We’ve all been there.
We’ve all sat across from a brother/sister in the faith at Starbucks, our favorite drink in hand, having a normal conversation when out of nowhere, they say something that you know will have a profound impact on all those involved. It’s those three words that breaks hearts, tears ministries apart, and cause some to walk away from the faith.
What three words could possibly hold so much weight that some would count the faith as a lie and walk away?
It’s simple. The three words that will test your friendship the most are “I messed up”.
It doesn’t matter what that other person did. It could be something that personally affects you (like someone cheating with your partner or lying about you) or it could be something that has nothing to do with you (like sexual sin or an addiction of some sort). Either way, hearing your brother or sister admit to you that they have fallen into sin is heartbreaking (for many reasons). For one, it grieves the heart of God when His children chose sin over Him. In addition to that, you know that engaging in sin bears consequences, some of which there may no coming back from fully. There is now mistrust, gossip, false assumptions, and all sorts of things your friend will now be at the center of.

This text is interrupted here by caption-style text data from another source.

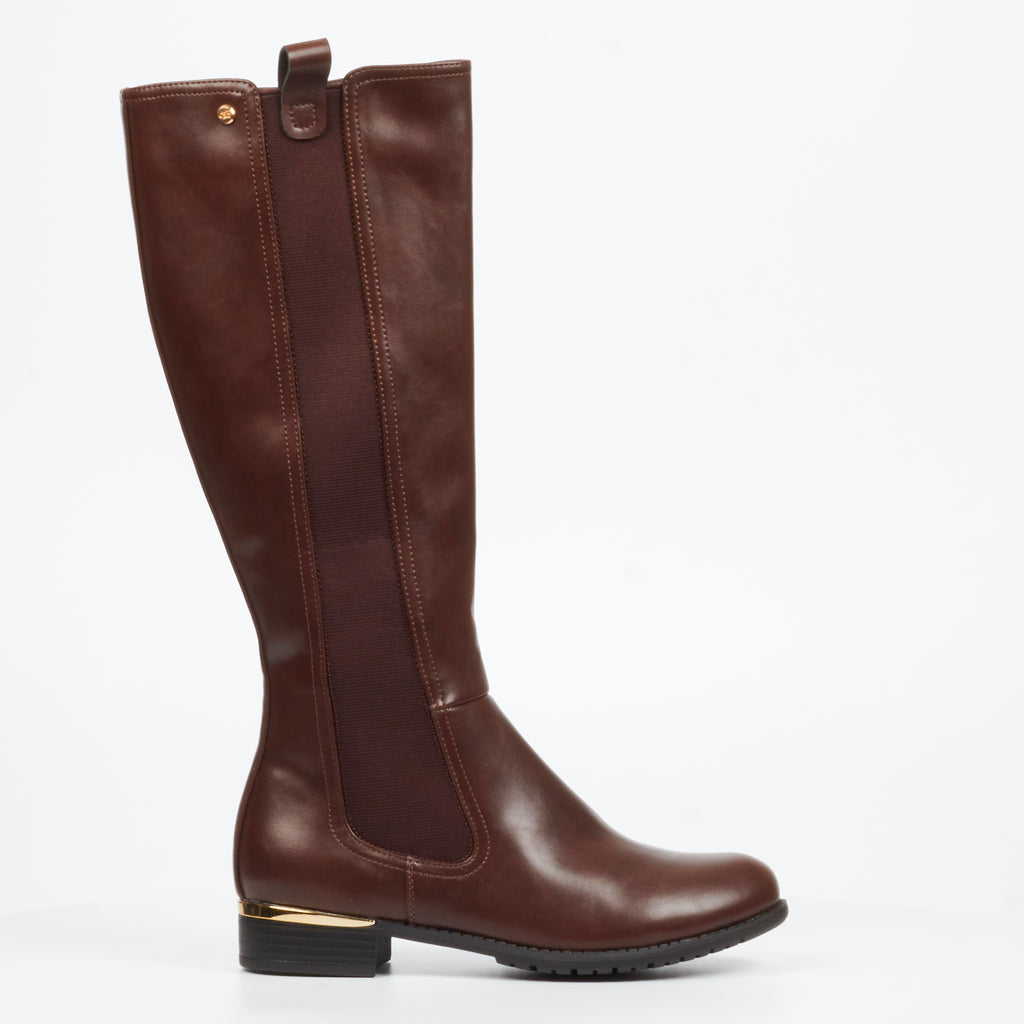 Miss Black Hadar 28 High Boot - Chocolate footwear Miss Black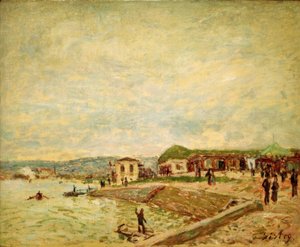 Det är vid gryningen av Alfred Sisley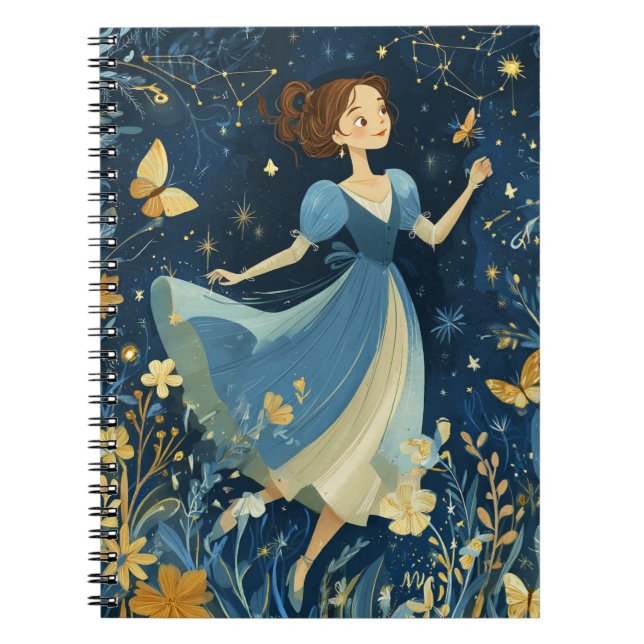 Cuaderno Portátil Virgo Zodiac (Frente)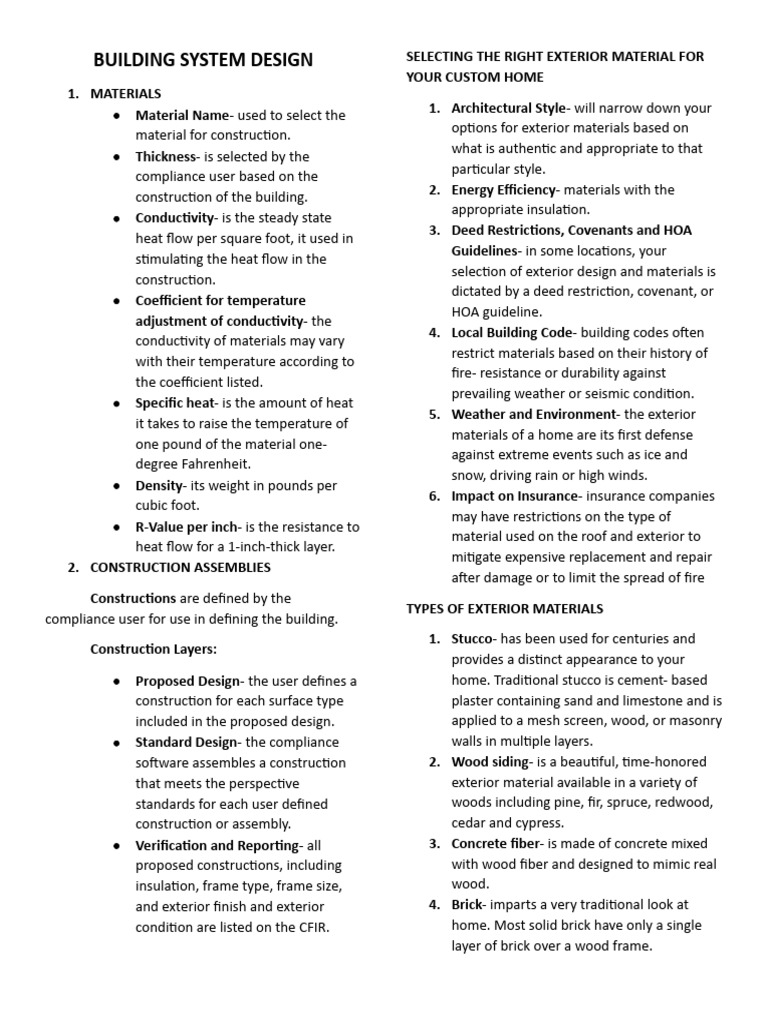 Building System Design Reviewer | PDF | Deep Foundation | Foundation ...
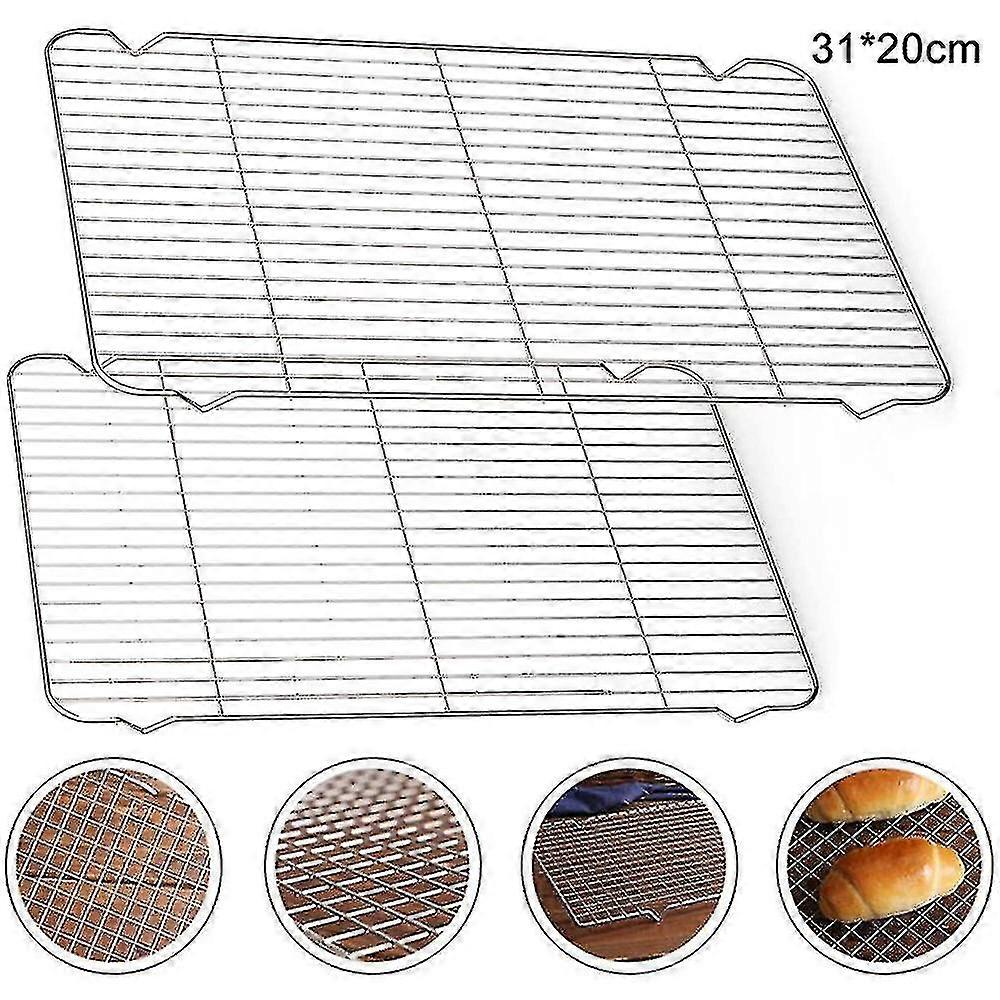 Cooling Grill Set Of 2, Cooling Grill Cake Rack Made Of Stainless Steel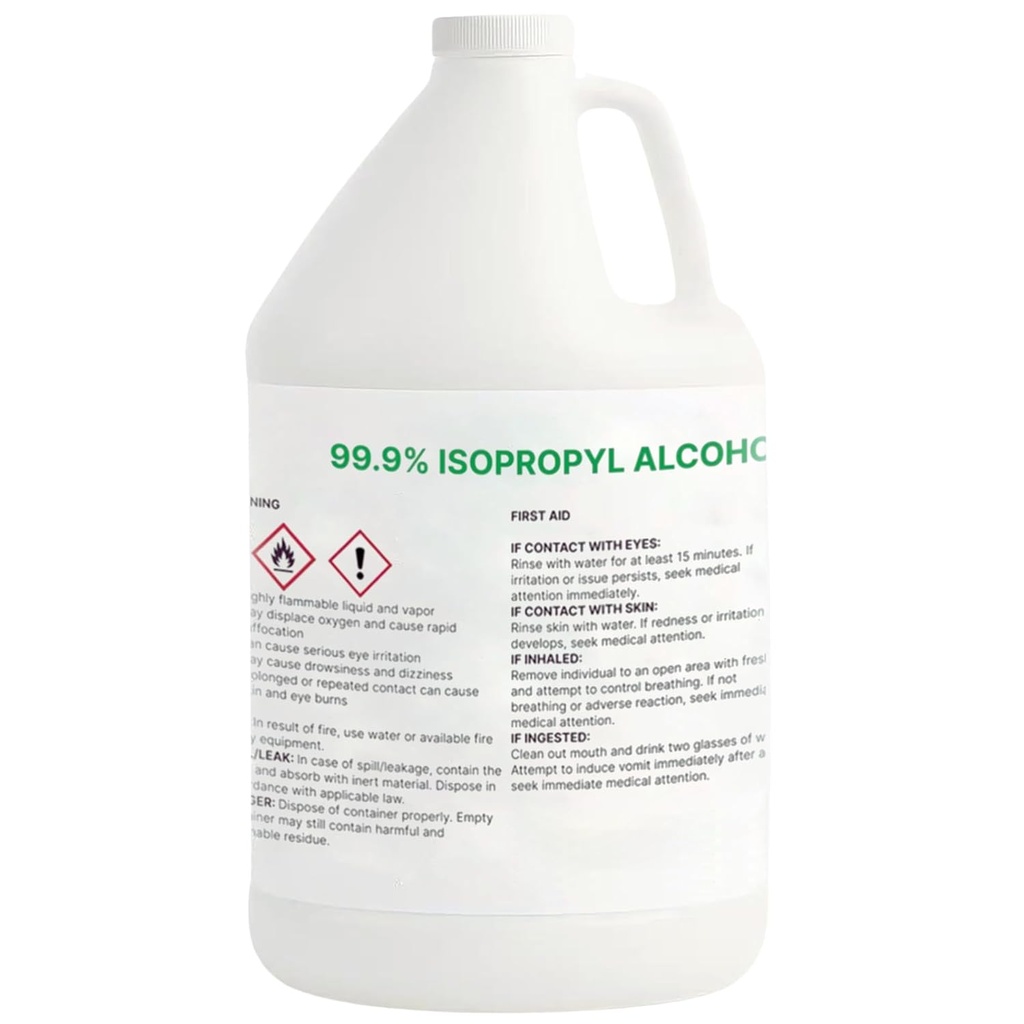 99% Pure Isopropyl Alcohol, 99 Percent IPA 1 Gallon, USP Grade, Made in The USA (4 Quarts, 1 Gallon,128 fl oz)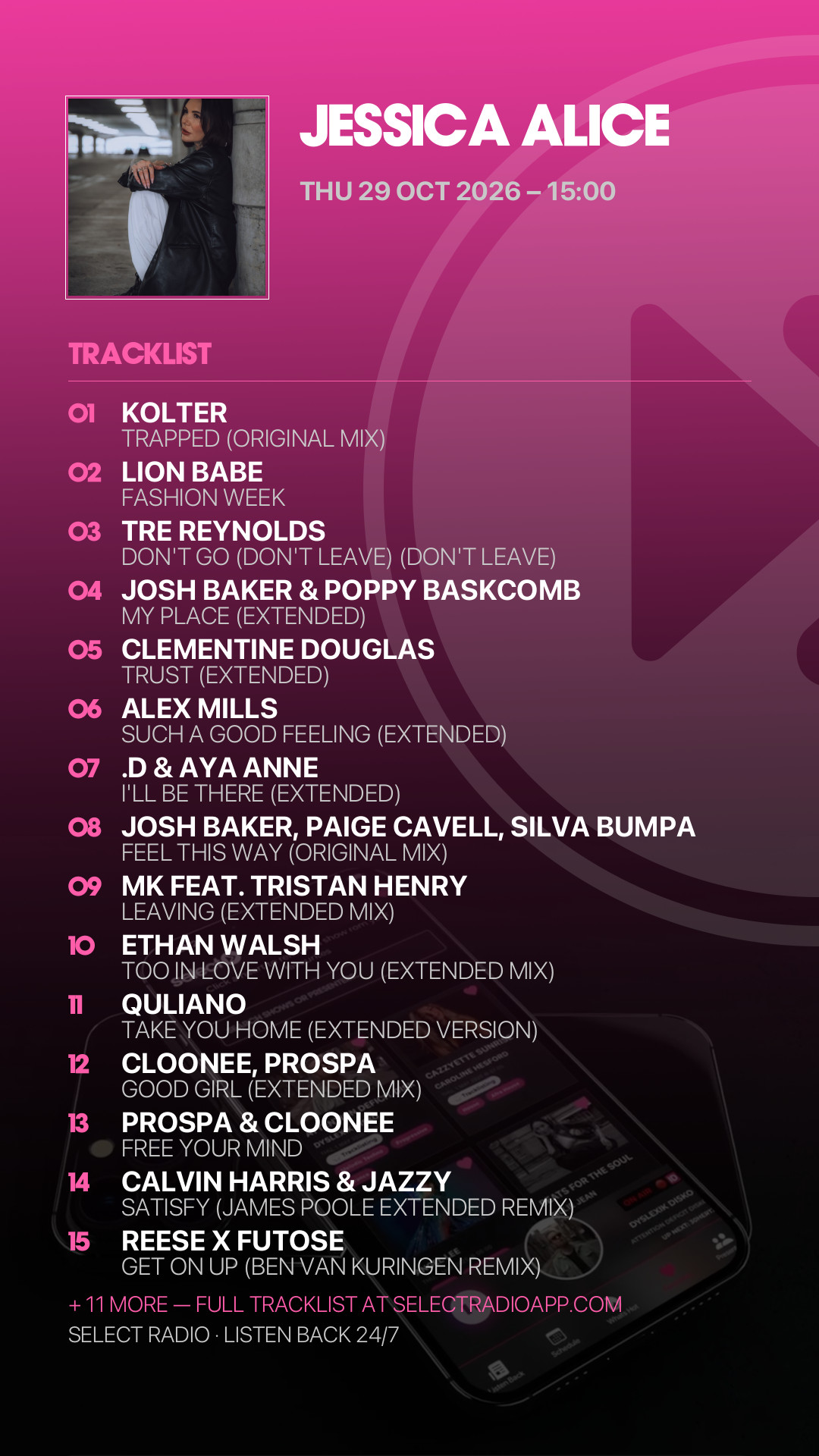 Tracklist Story Preview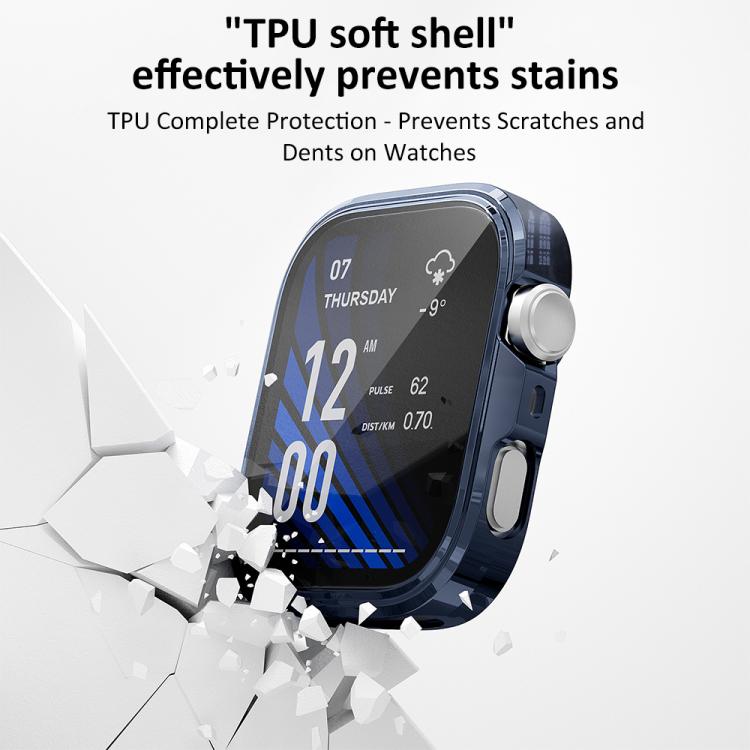 xDfind Plating Tempered Film Integrated TPU Watch Protective Cover, For Huawei Watch Fit 4 Pro, For Huawei Watch Fit 4
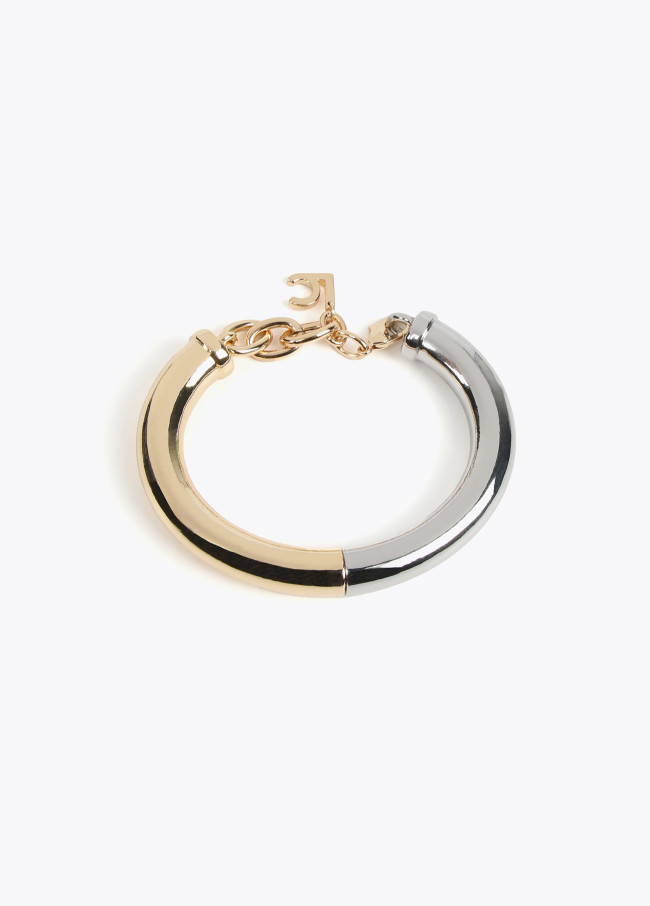 lola casademunt Pulsera metal bicolor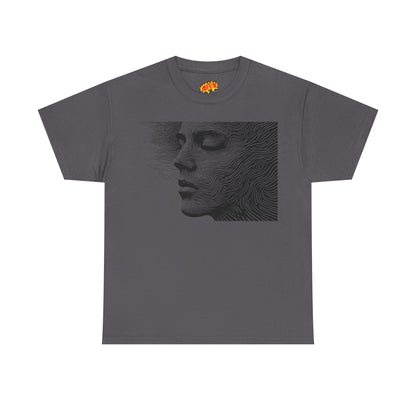 Face Line Drawing Portrait Graphic Art Tee Shirt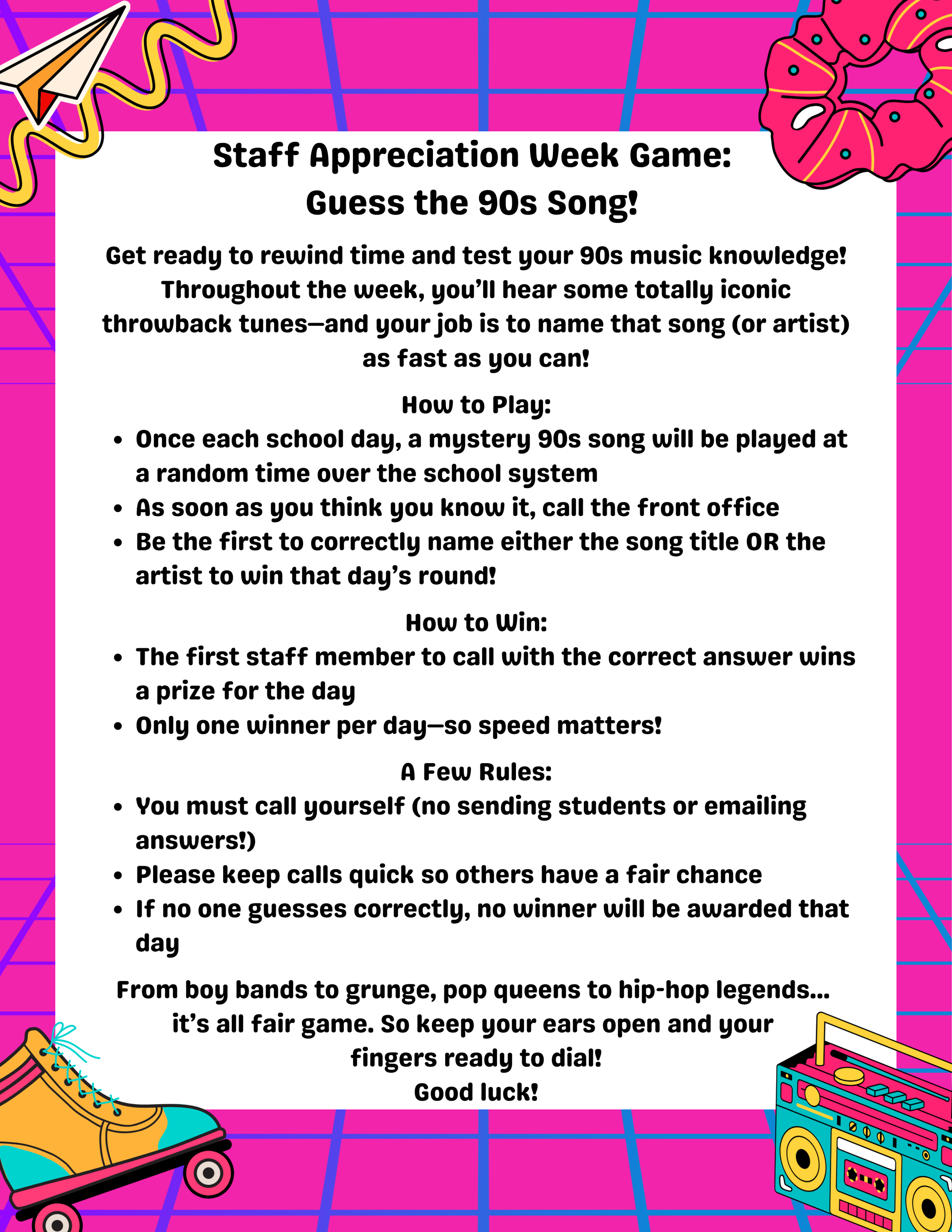 2026 staff appreciation week game 90s song.png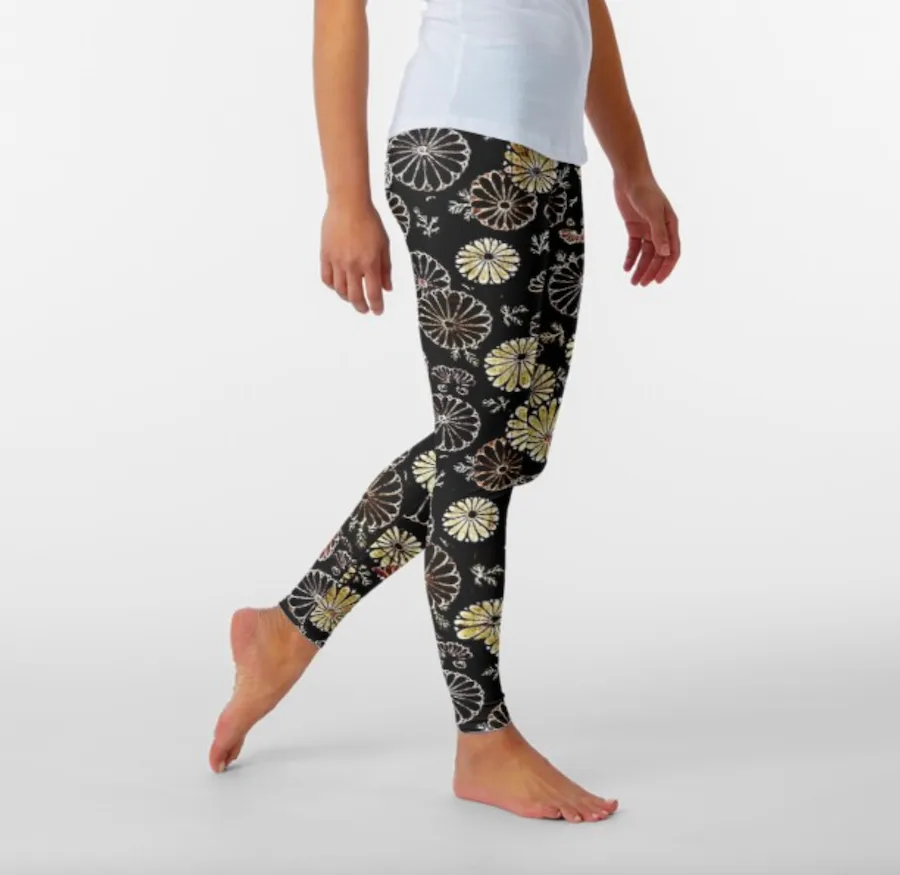 Designer Leggings - Shaded Garden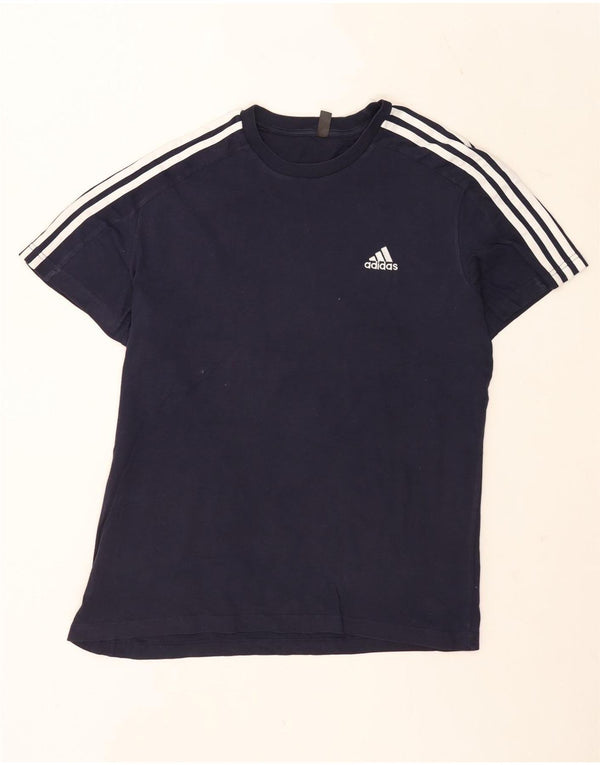 Adidas Hombre Camiseta Top XL Azul Marino Algodón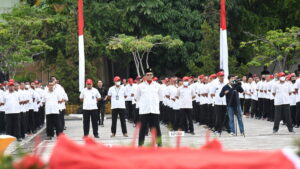 upacara HUT RI ke-77 di PT Semen Padang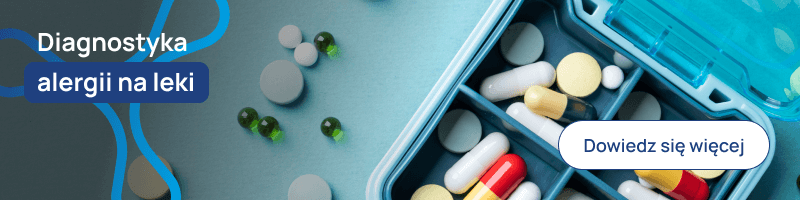 Diagnostyka alergii na leki banerek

And take it from someone who was personally in the middle of that circle at one time: when falling into sin isn’t handled well by the church, it can do irrefutable damage to an already hurting soul.
So then, what should we do when our brother/sister stumbles?
- First and foremost, PRAY. Pray with them, right there and then, and pray for them every day afterwards. Ask for a heart to understand what they are going through. Ask God to allow you to see them as He does, no matter how hurt you may feel. While your feelings are valid (especially if it was a personal offense against you), understand that they now find themselves in the center of a storm and most likely feel betrayed by a lot of people.
- Encourage them. This will adjust to their specific situation, but look for ways to encourage them, get them back on their feet, and help them walk towards Christ again. For example, if they fell into sexual sin, have that “tough” conversation (in love). Help them set up boundaries so they can’t fall again. Be their accountability. Then encourage them along the way and be there for them when they’re tempted.
- Look for tangible ways to bless them. This doesn’t always mean monetarily, but it’s important for them to see tangible proof that they are loved. When I fell into sin back in 2013, I felt so alone and unloved. This couple from our church blessed my (now) husband and I with a completely unexpected gift towards our baby. Some of my closer (former) best friends couldn’t even show up for my baby shower, but this couple’s generous gift was a huge neon sign of God’s love to me when I began to doubt it most. Even if you can’t afford something like that, look for ways to serve your brother or sister.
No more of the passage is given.